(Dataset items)
•••

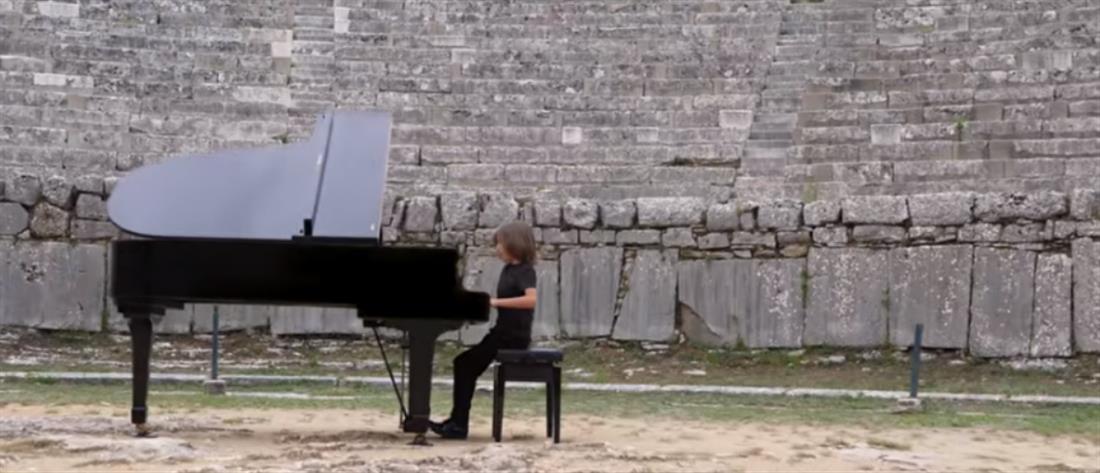 Στέλιος Κερασίδης: Ο 8χρονος πιανίστας διασκευάζει το “Γιάννη μου, το μαντήλι σου” (βίντεο)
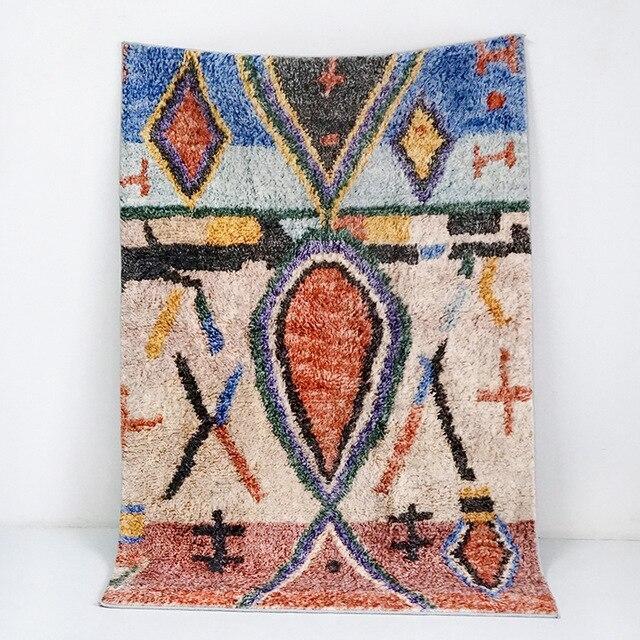 Alfombra de salón estilo bereber colorida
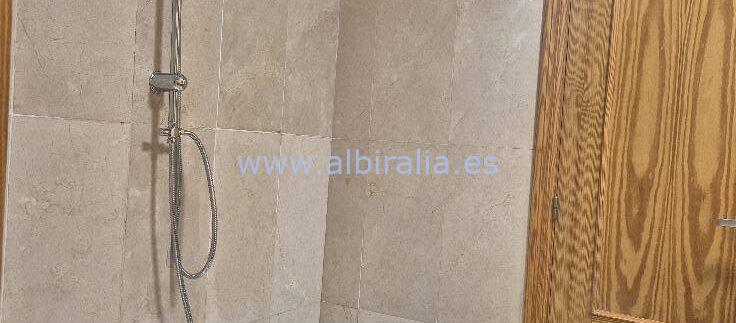 Piso alquiler turístico El Albir cocina americana baño completo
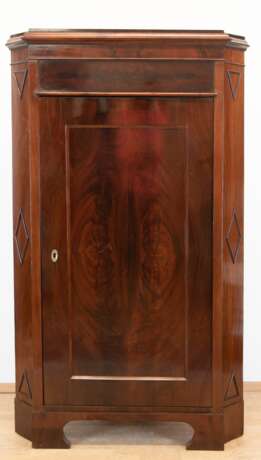 Biedermeier-Eckschrank, Mahagoni furniert, Norddeutschl. um 1830, hinter 1 Tür 3 Einlegeböden, thermisch konserviert, Tür leicht verzogen, 156x89 cm, Schenkelmaß 62 cm - photo 1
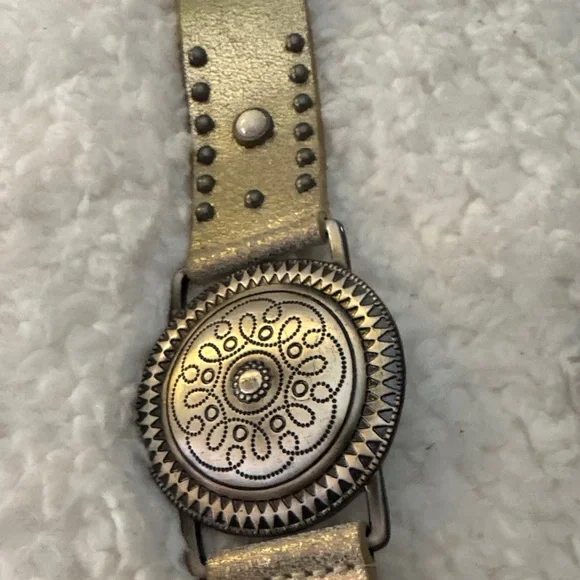 Gold and Silver Western Style Belt - Picture 2 of 4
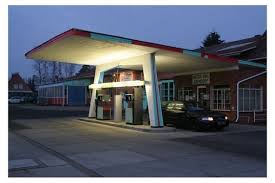 Gespanntes Beton Diese 1955 Erbaute Tankstelle In Adendorf Bei Luneburg Ist Durch Das Erhalten Gebliebene Fur Di Petrol Station Old Gas Stations Gas Station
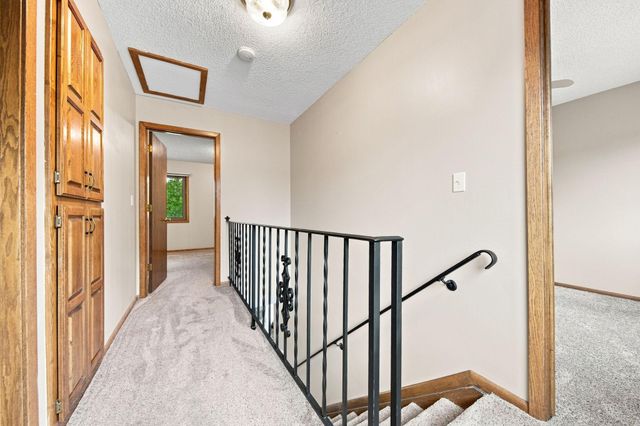 8772 Maplebrook Parkway N, Brooklyn Park, MN 55445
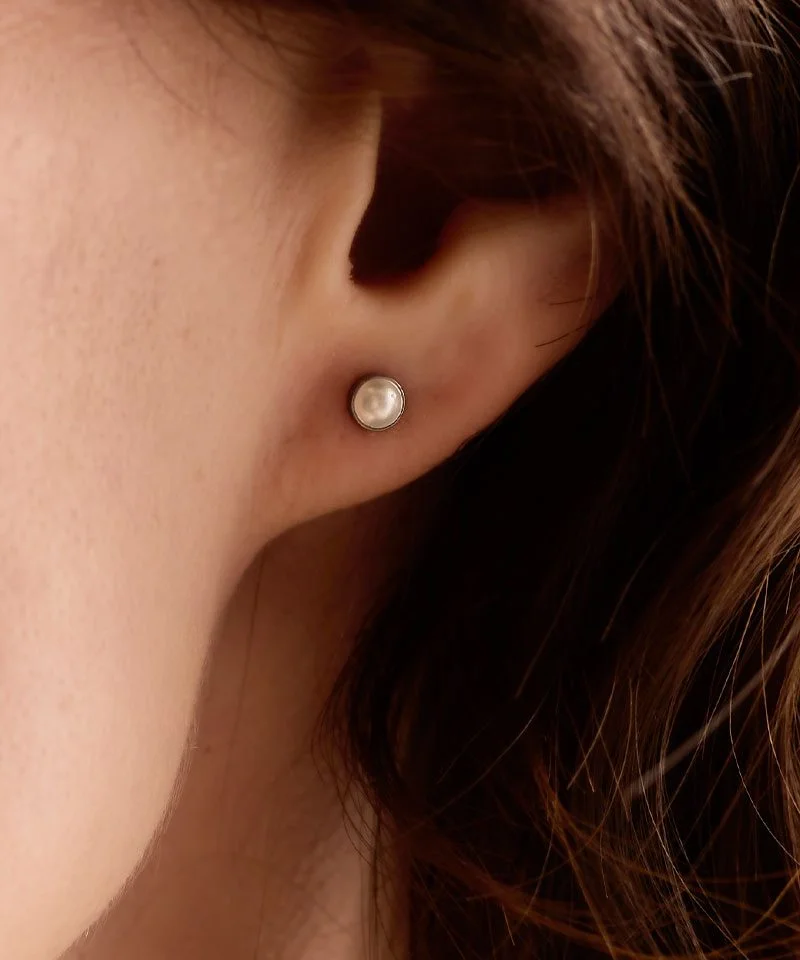 Medizinische Ohrringe Bezel Pearl – Bild 4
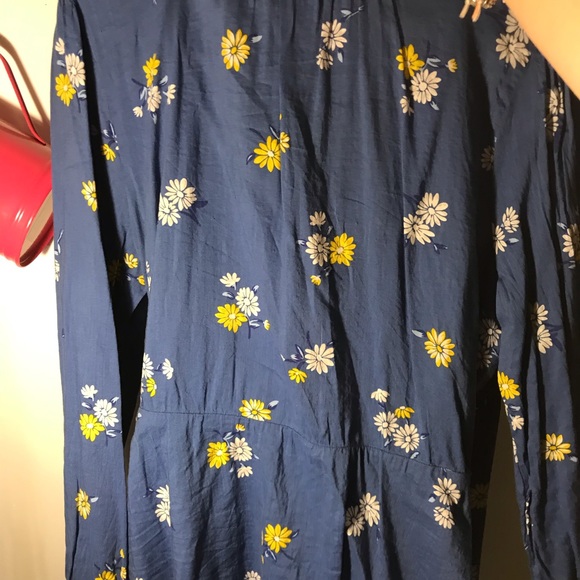 Blue flowered tie-across blouse - Picture 3 of 3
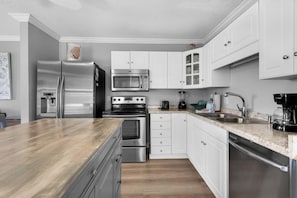 House, Multiple Beds (Beach Bay Bliss) | Private kitchen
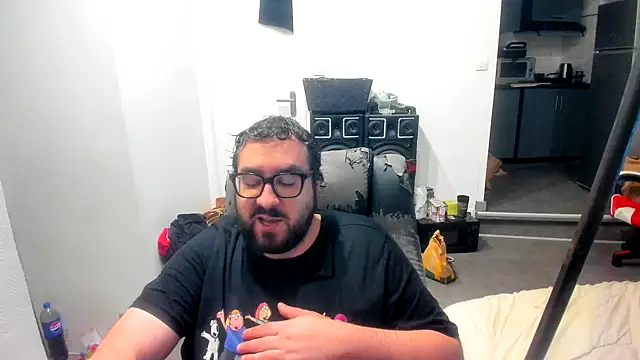 Snapshot of bears549a chatting on 11-10-25, 04:00 bears549a online show from 11-10-25, 04:00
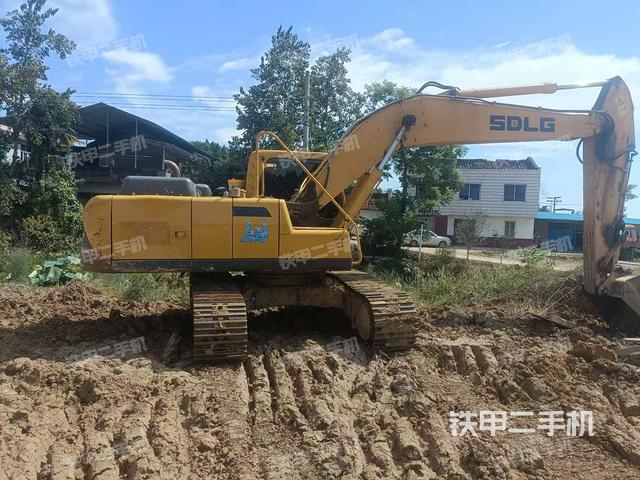 山东临工E6210F挖掘机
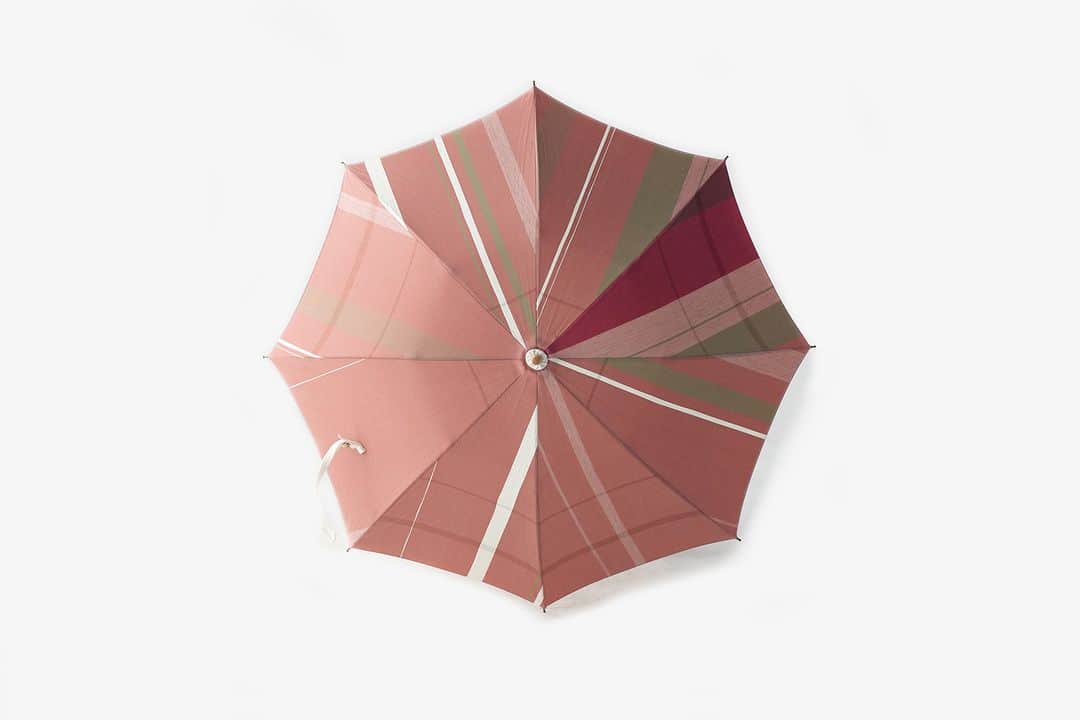 ヒラハルさんのインスタグラム写真 - (ヒラハルInstagram)「【5つ限定！】自分だけの傘「よけよけショート」が新入荷しました！  カラフルな色使いで気分を上げてくれるtamaki niimeの生地が、イッテンモノの傘になりました！パッチワークのように生地を組み合わせた傘は、同じ色柄がふたつとありません。  日除け・雨避けになる、その名も「よけよけ」。撥水・UV加工が施されており、晴雨兼用傘としてお使いいただけます。  新入荷した「よけよけショート」は、親骨の長さ約47cmと持ち歩きやすい小ぶりなサイズです。  ・  傘の製造は、1936年創業・傘製品の生産で国内トップシェアを誇る柴田株式会社（大阪市）が担当。撥水・UV加工のほか、手になじむメイプルの持ち手など、国産の確かなクオリティで作られています。  ・  360°どこから見ても唯一無二の色柄。傘を広げるのが楽しみになりそう！いつも一緒の必需品こそ、自分だけの色柄をお選びください。  ・・・・・・・・・・・・・・・  #パンと日用品の店わざわざ #わざわざ #wazawaza  #tamakiniime #タマキニイメ #玉木新雌 #晴雨兼用傘 #日傘 #よけよけ #よけよけショート」6月9日 19時00分 - wazawazapan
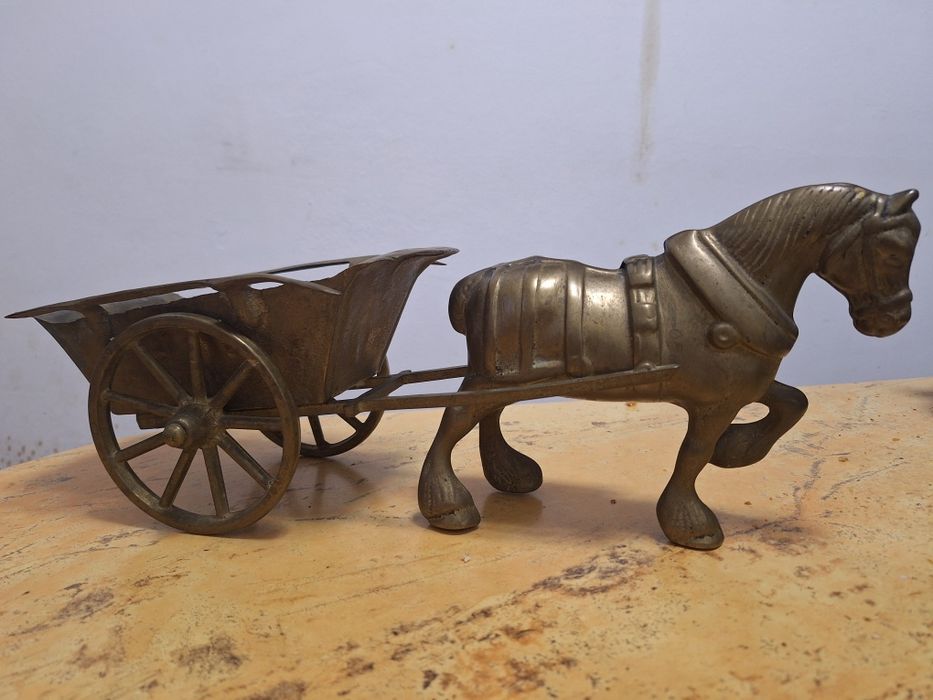 Căruță mobila si cal din bronz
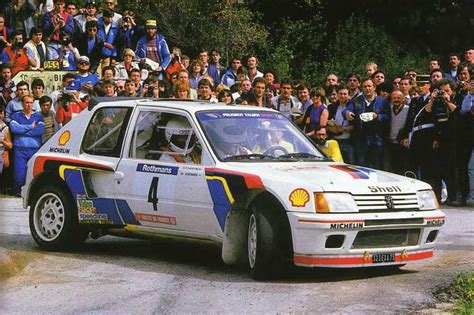 Timo Salonen al volante della Peugeot 205 T16
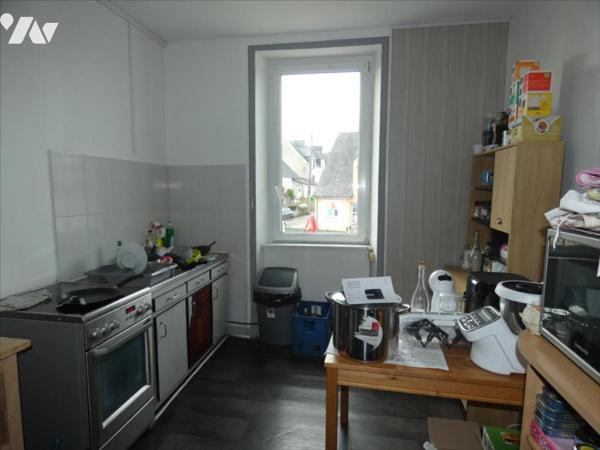 CHATEAUNEUF DU FAOU- Immeuble avec local et appartement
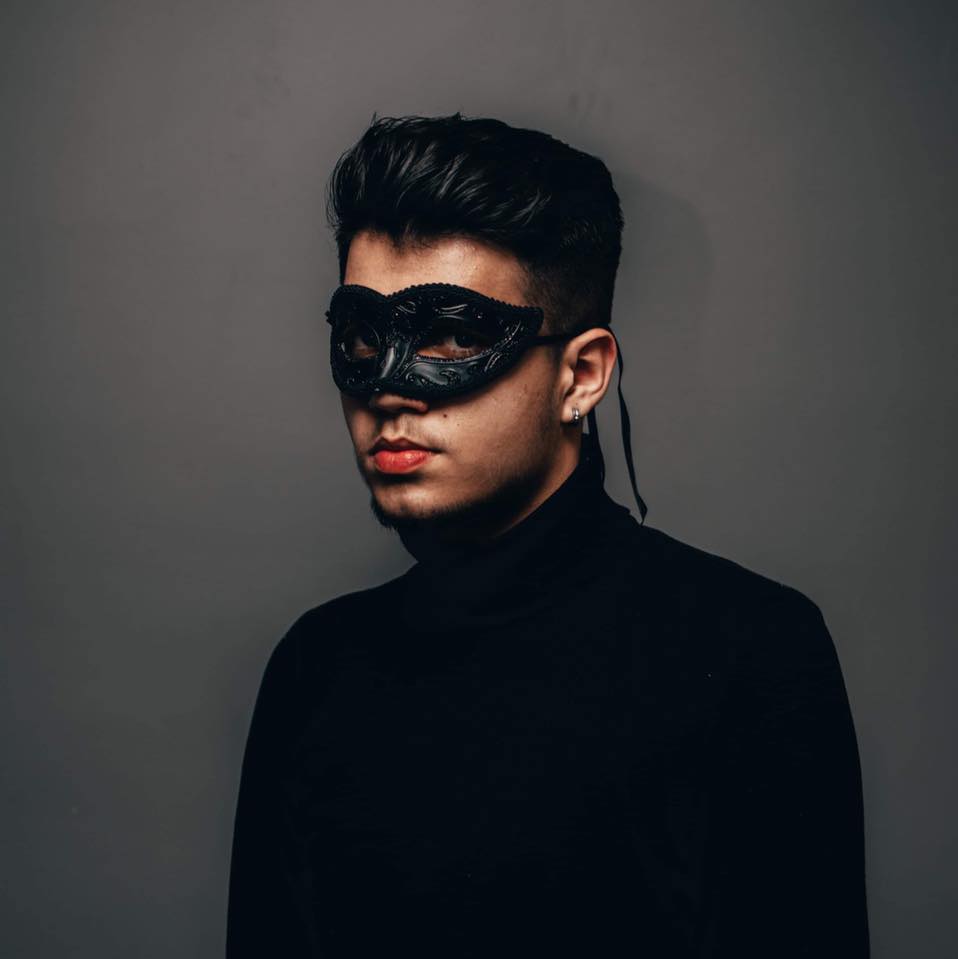 Cine este Babasha, manelistul care a urcat pe scenă la concertul Coldplay și a fost huiduit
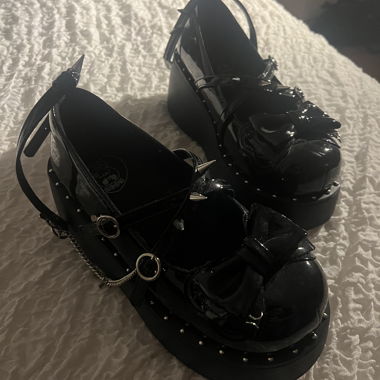 Scarpe gotiche con spikes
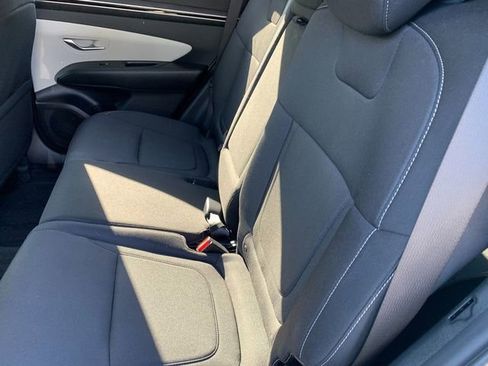 Certified 2023 Hyundai Tucson SEL AWD/4WD image 18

•••

| Brief |
Both boundary lines included, write out word for word only the lines above from the one containing "Alfombra de salón estilo bereber colorida" to the one containing "Biedermeier-Eckschrank, Mahagoni furniert, Norddeutschl.", leaving out any pictures.

| Solution to this problem |
 Alfombra de salón estilo bereber colorida
 Piso alquiler turístico El Albir cocina americana baño completo
 Biedermeier-Eckschrank, Mahagoni furniert, Norddeutschl. um 1830, hinter 1 Tür 3 Einlegeböden, thermisch konserviert, Tür leicht verzogen, 156x89 cm, Schenkelmaß 62 cm - photo 1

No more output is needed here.